Assim, através da imagem fotográfica, é possível a reativação da memória para fatos e objetos anteriormente vistos, e devido à limitação da visão e da percepção de um mundo em movimento - elementos que desfilam diante da visão, passam despercebidos. 


         Na passagem do visível para o visual, foi necessário reconhecer e, de certa maneira, integrar três modalidades de tratamento[2]: o documento visual como registro produzido pelo observador; o documento visual como registro ou parte do observável, na sociedade observada; e, finalmente, a interação entre observador e observado.

A visualidade e seu circuito comunicativo projetam para o futuro as imagens produzidas num certo presente, como uma mensagem que se processa através do tempo, como documento e monumento[3], compondo o tempo da experiência de projetar um mundo pleno de significados e visualmente relevante. O que é visualmente relevante no presente chega ao futuro como um passado visível. O agenciamento das imagens ao longo do tempo é mediado por um conjunto de práticas sociais de rememoração e esquecimento, distinguindo o que merece, ou não, ganhar destaque na produção de certa memória social dos grupos, família e nações.

Os modos de representação do espaço influem nas imagens da cidade e, estas repercutem nas posições que os sujeitos assumem a respeito das ações propostas para a coletividade. Transformações manifestadas na cidade contemporânea em sua busca incessante pelo progresso aniquilando marcas do passado. Em um mundo em constante transformação, não só física, mas também social, a fotografia (imagem técnica) se tornou um elo com o passado, uma espécie de máquina do tempo, sendo assim um memento mori. E ao fotografarmos, participamos da vulnerabilidade temporal das coisas. A fotografia e sua relação com o tempo valorizam tanto a arte temporal como a informação histórica. Preenchem vazios no retrato mental, tanto do presente quanto do passado.

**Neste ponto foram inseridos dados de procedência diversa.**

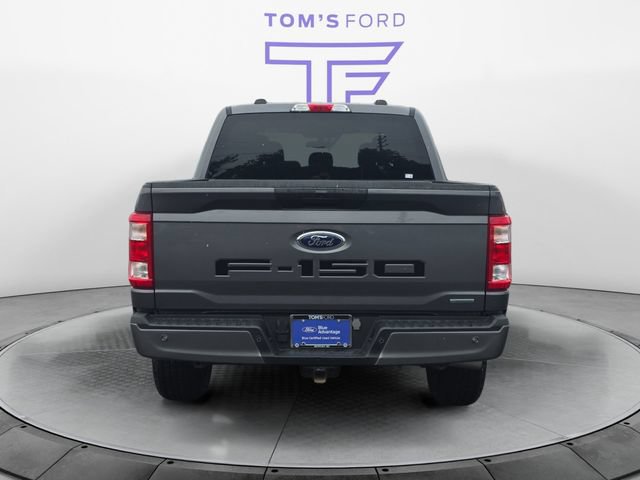 Certified 2023 Ford F150 XL w/ STX Appearance Package AWD/4WD image 5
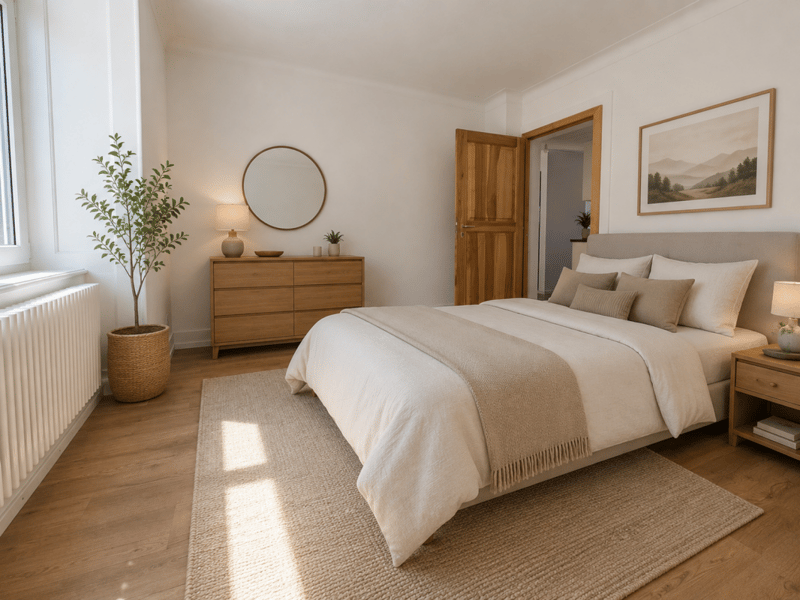 Appartement de 2.5 pièces refait à neuf ! (9)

Como resultado de uma atividade da visão, a fotografia produz um registro sensível da experiência social, através de um aparelho, a câmera fotográfica. Registra-se a experiência vivida em um determinado tempo presente. Assim, a prática fotográfica circunscreve um espaço social, cujo primeiro objetivo seria compor uma imagem do tempo vivido ou tempo da experiência observada. Caracterizada como fruto pós-histórico, torna-se assim, consequência de todo ato humano, pois tudo tende a ser registrado pela a imagem técnica. O que se vê e se considera digno de registro, define uma visualidade historicamente determinada por uma economia de sentidos e seleção de representações, associadas aos diferentes grupos sociais.






[1] BARTHES, Roland. A Câmara Clara. Rio de Janeiro: Nova Fronteira, 1984. 
[2] LE GOFF, Jacques. Memória. In: _____. História e Memória. 5ª ed. Campinas, SP: Editora UNICAMP, 2003.
[3] MENESES, Upiano. Revista Brasileira de História, vol. 23, nº45.